**Task to carry out:** Reproduce the full set of records that follow, exactly as shown.

Data for analysis Start Marker

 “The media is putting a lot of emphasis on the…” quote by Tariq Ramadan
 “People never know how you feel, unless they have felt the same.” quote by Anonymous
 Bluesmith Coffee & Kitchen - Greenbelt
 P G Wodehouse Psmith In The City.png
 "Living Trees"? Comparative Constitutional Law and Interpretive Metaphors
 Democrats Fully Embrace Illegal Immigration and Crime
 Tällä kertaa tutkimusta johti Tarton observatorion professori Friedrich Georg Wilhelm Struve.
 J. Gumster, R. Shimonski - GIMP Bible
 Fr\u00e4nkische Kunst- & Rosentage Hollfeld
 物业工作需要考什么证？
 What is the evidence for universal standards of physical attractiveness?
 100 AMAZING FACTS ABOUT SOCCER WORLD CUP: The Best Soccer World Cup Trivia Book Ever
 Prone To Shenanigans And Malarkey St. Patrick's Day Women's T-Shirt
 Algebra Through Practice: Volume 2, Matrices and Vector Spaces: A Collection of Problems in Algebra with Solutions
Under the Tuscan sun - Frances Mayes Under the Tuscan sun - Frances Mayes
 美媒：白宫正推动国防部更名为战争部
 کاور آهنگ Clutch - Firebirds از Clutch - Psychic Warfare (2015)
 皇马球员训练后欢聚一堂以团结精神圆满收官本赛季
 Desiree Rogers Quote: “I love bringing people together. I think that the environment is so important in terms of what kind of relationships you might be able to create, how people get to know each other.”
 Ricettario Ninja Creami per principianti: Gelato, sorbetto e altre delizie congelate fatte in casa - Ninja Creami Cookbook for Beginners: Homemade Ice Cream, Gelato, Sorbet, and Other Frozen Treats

Data for analysis End Marker

**Solution for this problem:**
 “The media is putting a lot of emphasis on the…” quote by Tariq Ramadan
 “People never know how you feel, unless they have felt the same.” quote by Anonymous
 Bluesmith Coffee & Kitchen - Greenbelt
 P G Wodehouse Psmith In The City.png
 "Living Trees"? Comparative Constitutional Law and Interpretive Metaphors
 Democrats Fully Embrace Illegal Immigration and Crime
 Tällä kertaa tutkimusta johti Tarton observatorion professori Friedrich Georg Wilhelm Struve.
 J. Gumster, R. Shimonski - GIMP Bible
 Fr\u00e4nkische Kunst- & Rosentage Hollfeld
 物业工作需要考什么证？
 What is the evidence for universal standards of physical attractiveness?
 100 AMAZING FACTS ABOUT SOCCER WORLD CUP: The Best Soccer World Cup Trivia Book Ever
 Prone To Shenanigans And Malarkey St. Patrick's Day Women's T-Shirt
 Algebra Through Practice: Volume 2, Matrices and Vector Spaces: A Collection of Problems in Algebra with Solutions
Under the Tuscan sun - Frances Mayes Under the Tuscan sun - Frances Mayes
 美媒：白宫正推动国防部更名为战争部
 کاور آهنگ Clutch - Firebirds از Clutch - Psychic Warfare (2015)
 皇马球员训练后欢聚一堂以团结精神圆满收官本赛季
 Desiree Rogers Quote: “I love bringing people together. I think that the environment is so important in terms of what kind of relationships you might be able to create, how people get to know each other.”
 Ricettario Ninja Creami per principianti: Gelato, sorbetto e altre delizie congelate fatte in casa - Ninja Creami Cookbook for Beginners: Homemade Ice Cream, Gelato, Sorbet, and Other Frozen Treats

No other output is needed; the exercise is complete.